The basic notions of multi-objective optimization

Multi-objective optimization needs to optimize two or more objective functions simultaneously and cannot balance them explicitly; that is, there is no optimal solution that meets all objectives at once. Without loss of generality, multi-objective optimization can be expressed as the following optimization problem⁷⁹:

$$\begin{array}{c}\text{Minimize:}F(\overrightarrow{x})={\left(f_1(\overrightarrow{x}),f_2(\overrightarrow{x}),\dots ,f_M(\overrightarrow{x})\right)}^{\text{T}}\\ \text{s.t}.:g_i(\overrightarrow{x})\le 0,i=1,2,\dots ,m\\ h_i(\overrightarrow{x})=0,i=1,2,\dots ,n\\ \overrightarrow{x}=(x_1,x_2,\dots ,x_{\mathit{Dim}})\\ L_i\le x_i\le U_i,i=1,2,\dots ,Dim\\ \end{array}$$ 10

where $M$ represents the number of sub-objectives, $m$ denotes the number of inequality constraints, and $n$ denotes the number of equality constraints, $\mathit{Dim}$ represents the dimension of decision variables, $[L,U]$ represents the search range of decision variables.

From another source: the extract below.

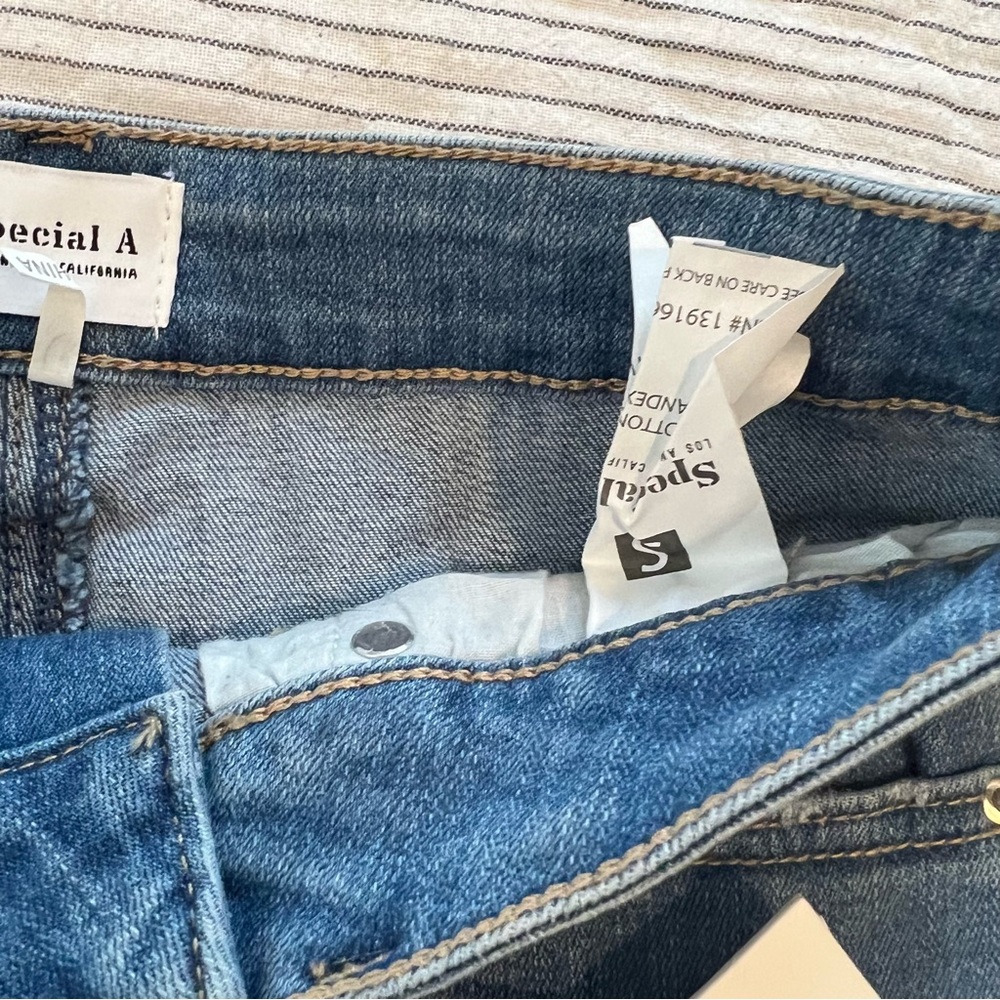 NWT High Rise Denim Shorties small - Picture 2 of 3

There is usually no optimal solution for multi-objective optimization problems that minimizes all sub-objectives simultaneously. In this scenario, utilizing arithmetic relation operators to compare different solutions is not possible. In the multi-objective search space, we can compare the two search agents using Pareto optimal dominance⁵⁶. The following are the definitions of Pareto dominance and Pareto optimality:

Definition 1⁸⁰

(Pareto dominance). Assume there are two vectors, $\overrightarrow{x}$ and $\overrightarrow{y}$. If and only if the following criteria are met, vector $\overrightarrow{x}$ dominates $\overrightarrow{y}$ (expressed as $\overrightarrow{x}\succ \overrightarrow{y}$):

$$\forall i\in \{1,2,\dots ,M\}:f_i(\overrightarrow{x})\le f_i(\overrightarrow{y})\wedge \exists i\in \{1,2,\dots ,M\}:f_i(\overrightarrow{x})<f_i(\overrightarrow{y})$$ 11

according to Eq. (11), a solution vector $\overrightarrow{x}$ is superior to another $\overrightarrow{y}$ if it has better or equal values on all objectives and better values on at least one of them.

Definition 2⁸⁰

(Pareto optimality). If and only if the following criteria are met, a solution vector $\overrightarrow{x}\in D$ is said to be Pareto optimal:

$$\neg \exists \overrightarrow{y}\in D:\overrightarrow{y}\succ \overrightarrow{x}$$ 12

where $D$ denotes the decision space. According to Eq. (12), if no other solution vector in decision space $D$ is superior to $\overrightarrow{x}$, then $\overrightarrow{x}$ is considered the Pareto optimal solution.

Definition 3⁸⁰

(Pareto optimal set). The Pareto optimal set (PS) is a set that contains all non-dominated solutions to a given problem:

$$\text{PS}=\{\overrightarrow{x}|\neg \exists \overrightarrow{y}\in D:\overrightarrow{y}\succ \overrightarrow{x}\}$$ 13

Definition 4⁸⁰

(Pareto optimal front). The Pareto optimal front (PF) is the mapping set of the PS on the objective space, and its expression is as follows:

$$\text{PF}=\{F(\overrightarrow{x})|\overrightarrow{x}\in PS\}$$ 14

The proposed EOSMA algorithm

The EOSMA for single-objective problems

In EOSMA, the following improvement strategies are mainly adopted: (1) The individual and global historical optimal of PSO are introduced⁸¹. The individual historical optimal is preserved by greedy selection and memory mechanism. In the update operator of SMA, the individual and global historical optimal are used to update, to accelerate the algorithm’s convergence; (2) The concentration update operator of EO is used to replace the less efficient anisotropic search operator in SMA to balance the concentration of slime mould in all directions and improve the search efficiency of the algorithm; (3) The random difference mutation operator is introduced. After the location update, the mutation mechanism is employed to improve the algorithm's exploration ability, helping it to escape from the local optimum and avoid premature convergence; (4) The boundary checking of the algorithm is improved, and the solution vector beyond the search boundary is updated to the midpoint of the current solution to the search boundary to avoid the invalid search. Therefore, the location update formula of EOSMA is shown in Eq. (15).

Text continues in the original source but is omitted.